MIAMI – Dwyane Wade celebrated this championship like no other member of the Miami Heat’s Big Three could.
For him, there was some familiarity to it. He’d been there before, danced after the final horn before, soaked himself and teammates in champagne before and proudly hoisted that golden trophy before.
So as the seconds were ticking down on the clock Thursday night, with the game and the title well in hand, Wade put up two fingers on each hand and raised his eyebrows.
Wade has two championships now. It’s something only he and Udonis Haslem can say on this Heat team, but it’s nothing he’ll flaunt too boldly, so as not to take away from the sense of accomplishment felt by LeBron James, Chris Bosh and the rest of the first-time champions.
Besides, in a sense, this ride felt very much like a new experience for Wade.
Unlike 2006, when Wade, in his third season, was still surprising the league with his immense talents and almost playing without a care in the world.
He had veteran teammates everywhere he looked playing the roles of leaders, mentors and teachers then. He had zero pressure to win it all — certainly nothing compared to the albatross the 2011-12 Heat had hovering over them. The bumps on his road to that title included one difficult Game 7 loss to the Pistons in the conference finals the year before, but that’s about it.
This time around, Wade was in a different role on the floor, in a different place in life and playing for so much more than himself.
“So much more,” Wade said when asked how much more meaningful this championship is. “You know, I’ve been through a lot.”
On the court, Wade suffered a dislocated shoulder that essentially ended the Heat’s chance at repeating in 2007. He agonized through a miserable, injury-plagued season in which the Heat won 15 games. And right in the heart of his athletic prime, he could only carry a young Heat team to back-to-back first-round playoff exits.

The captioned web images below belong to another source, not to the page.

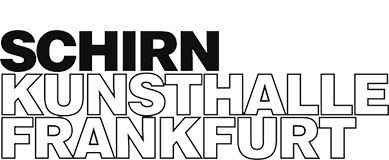 Logo der Schirn Kunsthalle Frankfurt, einem Kunden von morefire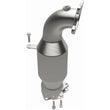 Load image into Gallery viewer, Magnaflow 14-15 Regal 2 Underbody Direct Fit Converter - Additional View 6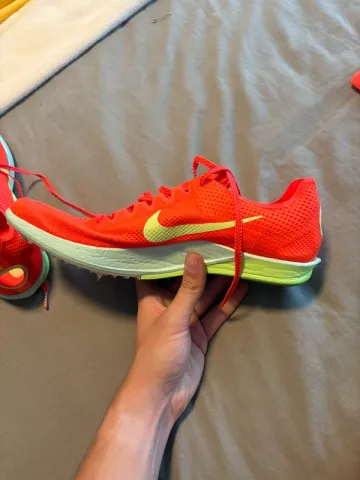 Brugt Nike Dragonfly 2 bike — billede 3 af 7
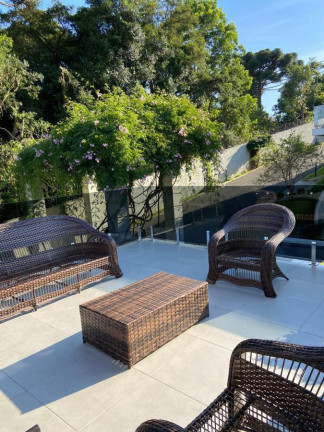 Imagem Casa com 3 Quartos à Venda, 240 m² em Santa Felicidade - Curitiba
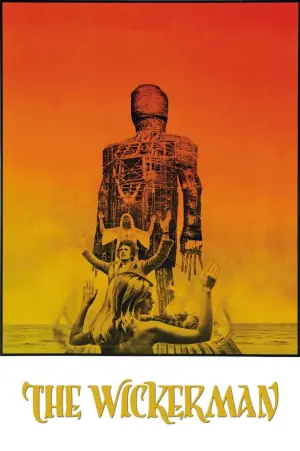 Постер к фильму "Плетеный человек" #103066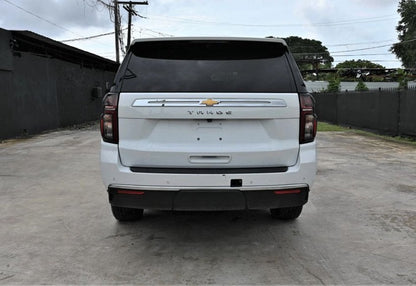 2023 Chevrolet Tahoe LS - 1GNSCMKD5PR559709 photo 7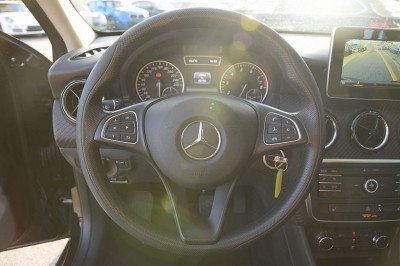 Mercedes-Benz GLA Gebrauchtwagen
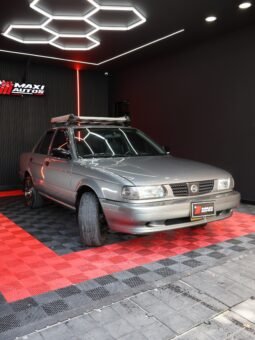 NISSAN SENTRA STD B13 SA 1.6 MT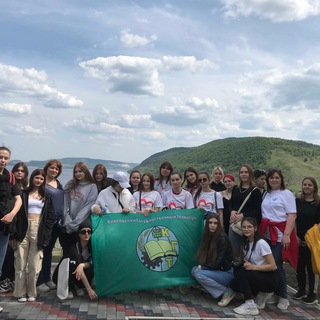 Аватар Telegram-канала Кинельский государственный техникум❤️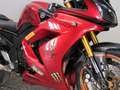 Yamaha FZ 1 FAZER GT Rojo - thumbnail 11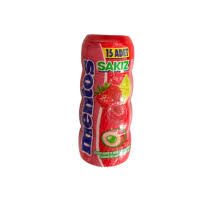 MENTOS SAKIZ KIRMIZI MEYVE&MISKET 30GR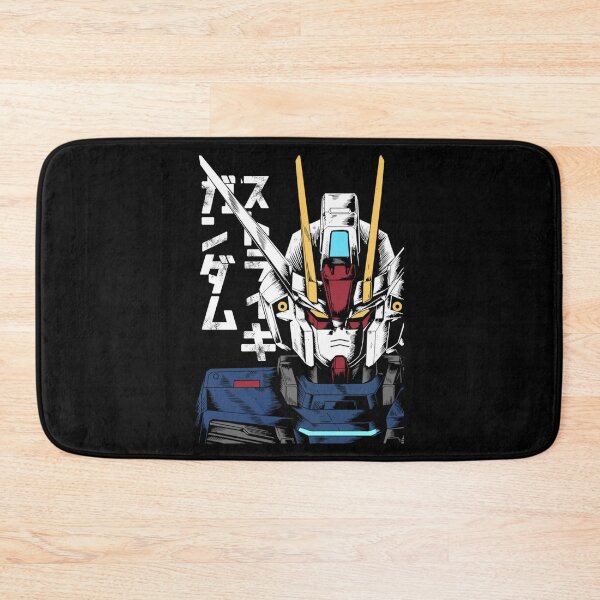Item preview, Gundam Mech Robot designed and sold by stamper-andera.
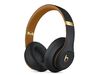 Беспроводные наушники Beats Studio 3 Wireless, midnight black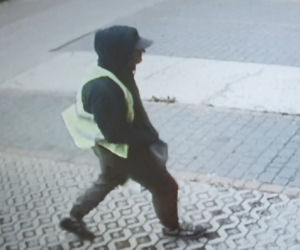 Brutalny napad na lombard. Policja szuka sprawcy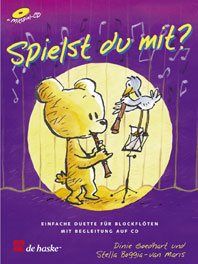 Dinie Goedhart_Stella Boggia: Spielst du mit?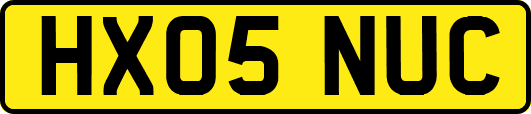 HX05NUC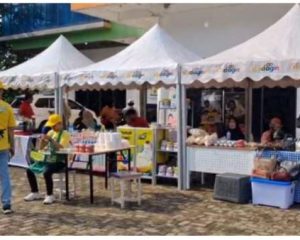 PEMKAB BOGOR BUKA PENDAFTARAN PKL CFD UNTUK UMUM TANPA DIPUNGUT BIAYA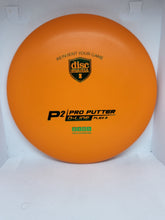 Load image into Gallery viewer, Discmania P2 D-Line Flex 2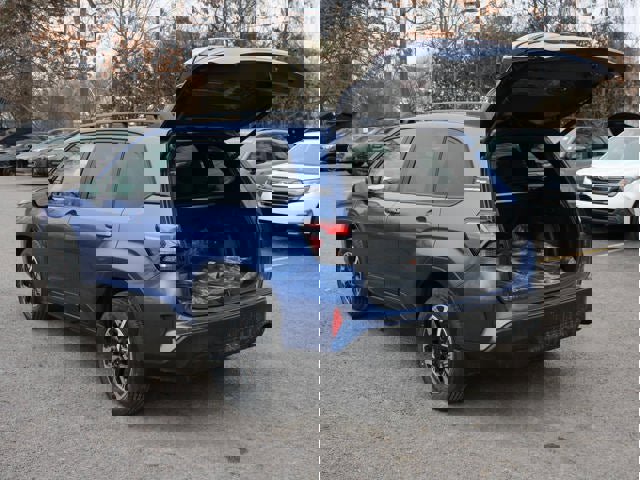 New 2026 Subaru Forester Premium image 24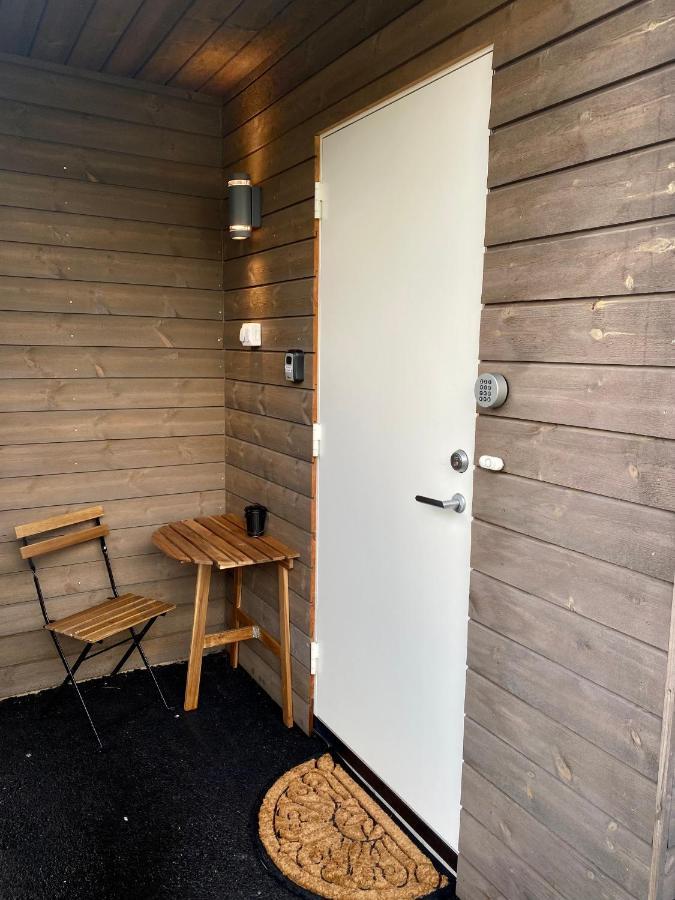Experience A Cozy Getaway Near Pulpit Rock-A Unit Apartment เยอร์เปอลันด์ ภายนอก รูปภาพ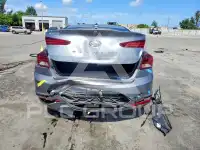 2019 Hyundai Elantra фото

When James and Bosh joined him in Miami, suddenly the pressure to succeed grew exponentially, from outside sources, of course, but also internally. He wanted this championship so badly for James and Bosh — almost more than he wanted it for himself.
And to get that done, he actually had to do less on the court than he’d been used to.
“He had to step aside to an MVP player that was really going to drive us in so many ways,” Heat coach Erik Spoelstra said. “And yet, he can still impact the game in winning ways as well as anybody in the league. Offensively, he’s still making plays. He’s added new dimensions now, he’s a post threat.
“But to have the maturity to lead us with his voice, lead us on defense, still be the heartbeat of this team, still be the great talent that he was in 2006, but to drive us in a different way.
“It shows the evolution of a champion.”
Game 5 was a perfect example of how Wade successfully worked within the framework of a LeBron-dominated offense….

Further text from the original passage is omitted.